Why You Care
Ever feel like your AI assistant just isn’t getting it, even after you’ve tried to explain things multiple times? What if the most AI models are not as ‘smart’ at learning from you as we thought? New research has unveiled a significant challenge for Large Multimodal Models (LMMs) – their ability to truly understand and integrate human feedback. This directly impacts how useful and intuitive your AI tools can be in the future.
What Actually Happened
Researchers have introduced a new structure called InterFeedback, according to the announcement. This structure is designed to autonomously assess the ‘interactive intelligence’ of LMMs. Interactive intelligence refers to an AI’s capacity to refine its responses based on user input and feedback. The team also developed InterFeedback-Bench, which uses datasets like MMMU-Pro and MathVerse to evaluate ten different open-source LMMs. What’s more, they created InterFeedback-Human, a dataset of 120 cases specifically for manual testing of top models, as mentioned in the release. This comprehensive approach aims to fill a gap in existing benchmarks, which often overlook this crucial interactive aspect.
Why This Matters to You
This research has practical implications for anyone using or developing AI. Imagine trying to teach an AI a new skill, or refine its output for a creative project. If the AI struggles to interpret your corrections, your experience becomes frustrating. The study highlights that current LMMs, even leading ones, are not yet adept at this crucial interaction.

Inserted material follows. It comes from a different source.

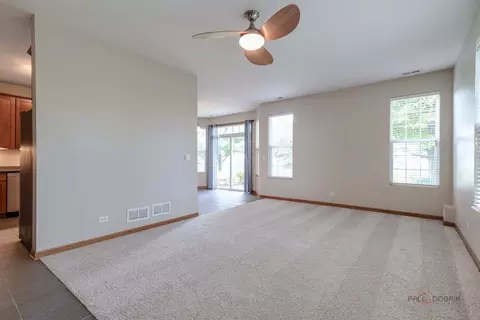 Living - 2636 Pondview Dr, Algonquin, IL 60102 photo 3 of 6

Think of it as trying to explain a complex recipe to a new chef. If they don’t adjust their technique after your suggestions, the meal won’t improve. This is similar to how LMMs are currently performing with human feedback.
So, what does this mean for your daily interactions with AI? It suggests that while LMMs are impressive, their ability to learn dynamically from your input is still developing. “Our evaluation results indicate that even the LMM, OpenAI-o1, struggles to refine its responses based on human feedback, achieving an average score of less than 50%,” the paper states. This finding underscores the need for better feedback integration mechanisms in AI systems. Do you find yourself repeating instructions to your AI assistant more often than you’d like?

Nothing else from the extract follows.